(Dataset extract begins)
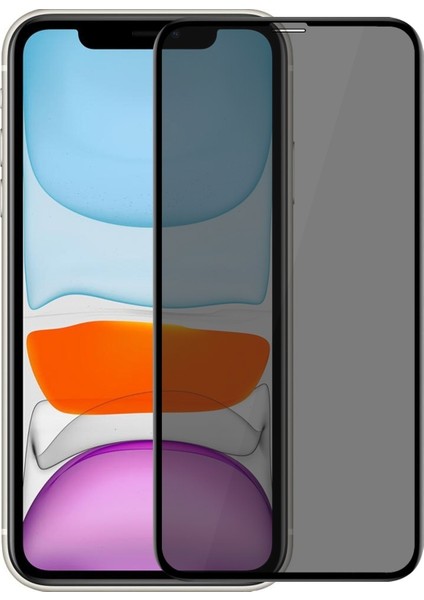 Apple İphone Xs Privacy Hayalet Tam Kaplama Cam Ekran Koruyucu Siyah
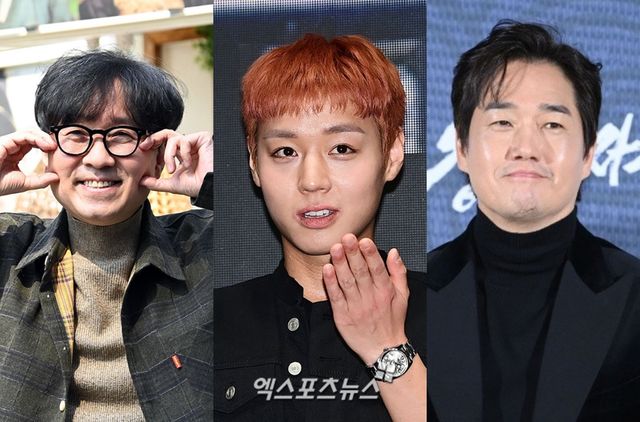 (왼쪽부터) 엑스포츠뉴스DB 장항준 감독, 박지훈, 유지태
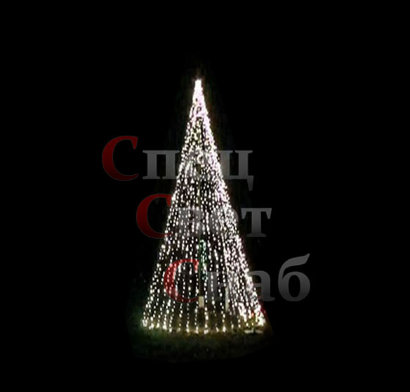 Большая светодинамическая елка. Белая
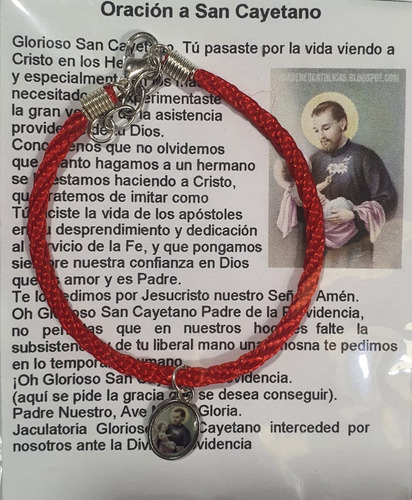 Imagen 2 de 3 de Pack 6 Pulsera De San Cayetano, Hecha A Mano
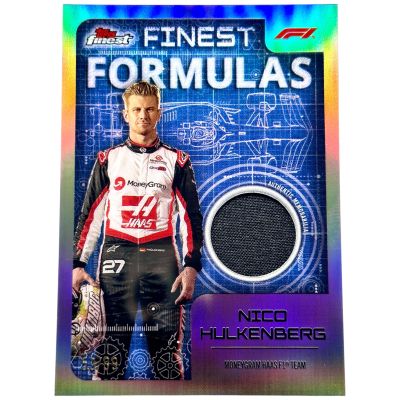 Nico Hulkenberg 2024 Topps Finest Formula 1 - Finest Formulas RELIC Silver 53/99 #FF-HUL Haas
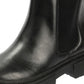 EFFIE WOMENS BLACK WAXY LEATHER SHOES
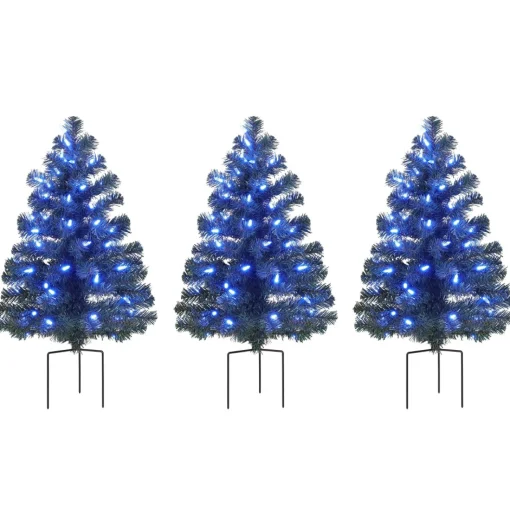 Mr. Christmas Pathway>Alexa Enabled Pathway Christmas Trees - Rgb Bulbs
(Dataset extract ends)
Assignment
Drop the pictures, then write out only the lines running from the one containing "EFFIE WOMENS BLACK WAXY LEATHER SHOES" through the last line above, both included, exactly.

Task answer
 EFFIE WOMENS BLACK WAXY LEATHER SHOES
 Mr. Christmas Pathway>Alexa Enabled Pathway Christmas Trees - Rgb Bulbs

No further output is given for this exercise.